CAVITATION CORROSION BEHAVIOR OF CAST NICKEL-ALUMINUM BRONZE IN SEAWATER

The cavitation corrosion behavior of nickel-aluminum bronze (NAB) was investigated in seawater, using a 20-kHz ultrasonic vibrator. Cavitation tests were made under free corrosion and cathodic protection conditions. Electrochemical measurements were made to elucidate the role of cavitation. The presence of cavitation shifted the free corrosion potential of the material in the active direction by 70 mV. It also increased the cathodic and anodic currents during polarization by an order of magnitude. The corrosion current densities were 2 x 10(-2) mA/cm(2) amd 1.2 x 10(-3) mA/cm(2) for the cavitated and noncavitated specimens, respectively. The rate of mass loss in the presence of cavitation was 186 times that under quiescent conditions. When cathodic protection was applied, the rate was 47% less than that under free corrosion conditions. This reduction was ascribed to the cushioning of bubble collapse by cathodic gas and elimination of electrochemical dissolution.

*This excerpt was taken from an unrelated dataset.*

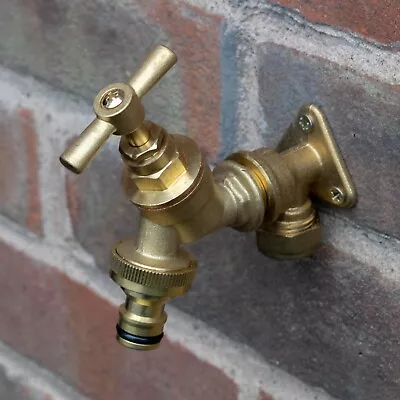 Outdoor Solid Brass Garden Watering Tap+15 Mm Copper Back /wall Plate Kits • £11.99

Optical and scanning electron microscopy showed NAB immersed in quiescent seawater suffered from selective corrosion of the copper-rich alpha phase at boundaries with intermetallic kappa precipitates. The kappa precipitates and precipitate-free areas did not suffer corrosion. Cavitation made the surface of the material very rough, with large cavities, ductile tearing, and corrosion of the boundaries of a columnar grains. In the presence of cathodic protection, the number of cavities increased, but grain-boundary attack was absent. Microcracks 5 mu m to 10 mu m long were observed in the alpha phase adjacent to kappa precipitates along the cross section of the material. Selective phase corrosion and cavitation stresses were implicated as the causes of cracking.